Microsoft sounds absolutely livid at the NSA over the ransomware nightmare that is estimated to have infected as many as 200,000 computers worldwide running the Windows operating system.
Microsoft blames the NSA because it says the so-called “WannaCrypt” ransomware hack was made possible by the theft of exploits from the government’s cyber security agency – exploits which were reported earlier this year.
More technical details about WannaCrypt can be found on Engadget.com.
The WannaCrypt ransomware seems to have hit computers worldwide, apparently freezing Britain’s hospital network, Germany’s rail network and many other government agencies and companies, including Japan, Russia, Ukraine, Spain, and India – to name a few.
Communist Chinese state media said almost 30,000 of its institutions had been infected, with hundreds of thousands of devices affected by WannaCrypt. Capitalist cash machines in the country were among the many systems attacked.
More details about the scale of the attack can be found on the Washington Post website, where one cyber security company has been quoted as saying that “just about every IT department has been working all weekend” on a patch to mitigate what looks like a pretty big hack attack.
And according to Forbes, one particular vulnerability in Windows was used by the WannaCrypt hackers to spread a worm which spread quickly and silently between PCs.
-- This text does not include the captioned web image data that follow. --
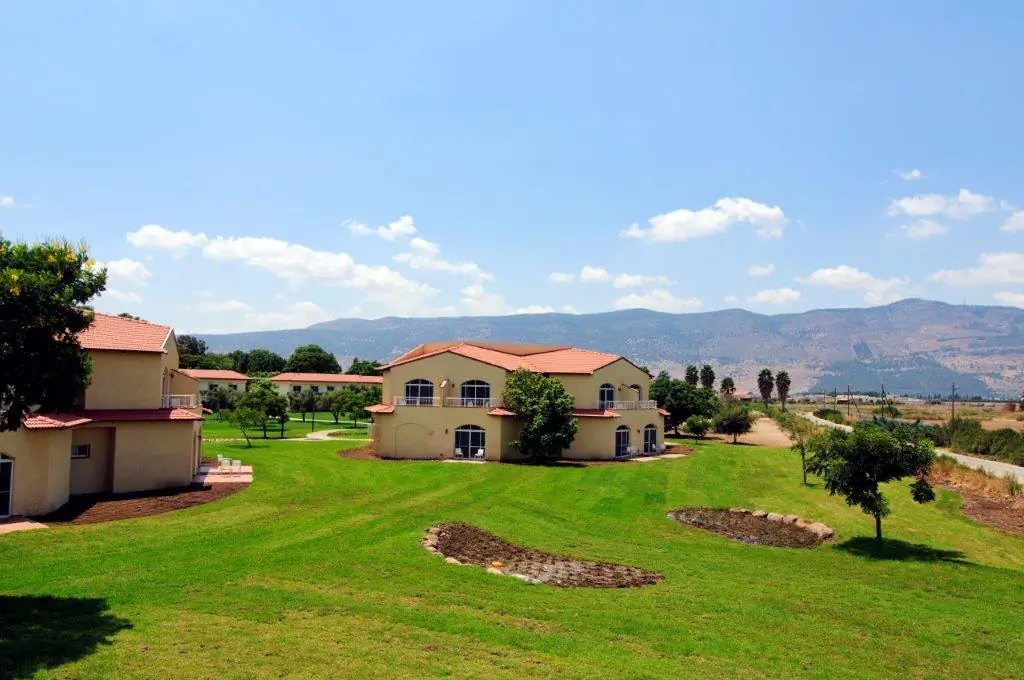 Kfar Blum, a kibbutz in northern Israel, began as a collective farm run on socialist principles. As times changed, so did Kfar Blum and other kibbutzes, going into businesses like Kfar Blum's hotel pictured here. As they did, they found they had to become less socialist. (Courtesy of Kfar Blum.) 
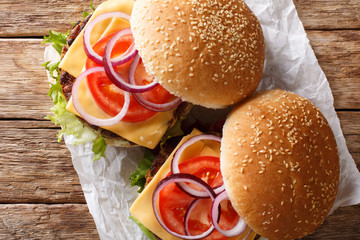 organic vegetarian burger with mushrooms patty, vegetables and cheddar cheese close-up. horizontal top view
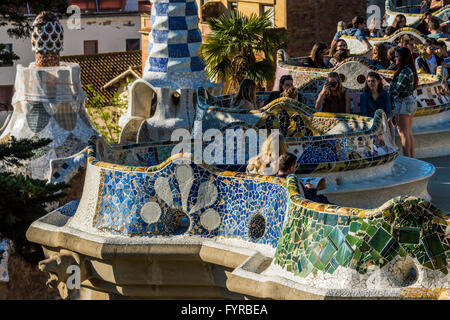 Tourists enjoying the multicolored serpentine bench at Park Guell, Barcelona, Catalonia, Spain Stock Photo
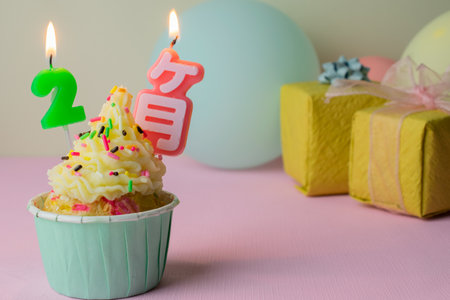 A birthday cupcake with 2-months candles, gifts and balloons on pink background.の写真素材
Given that most if not all of the computers and devices, this does not look good for Windows, and the company is trying to deflect the blame by attacking the NSA.
Microsoft president and chief legal officer Brad Smith sounds incensed at the situation, and likened the WannaCrypt attack to the US armed forces having some of its weapons stolen.
In a Microsoft company blog post, Smith writes: “An equivalent scenario with conventional weapons would be the US military having some of its Tomahawk missiles stolen. And this most recent attack represents a completely unintended but disconcerting link between the two most serious forms of cybersecurity threats in the world today – nation-state action and organized criminal action.
“The governments of the world should treat this attack as a wake-up call. They need to take a different approach and adhere in cyberspace to the same rules applied to weapons in the physical world. We need governments to consider the damage to civilians that comes from hoarding these vulnerabilities and the use of these exploits.”
Smith says the WannaCrypt maliciousness started in the UK and Spain and quickly spread around the world, with users of infected computers being blocked from their data unless they paid a ransom in bitcoins.
Smith writes: “The WannaCrypt exploits used in the attack were drawn from the exploits stolen from the NSA, in the United States. That theft was publicly reported earlier this year.
“A month prior, on March 14, Microsoft had released a security update to patch this vulnerability and protect our customers.
“While this protected newer Windows systems and computers that had enabled Windows Update to apply this latest update, many computers remained unpatched globally.
“As a result, hospitals, businesses, governments, and computers at homes were affected.”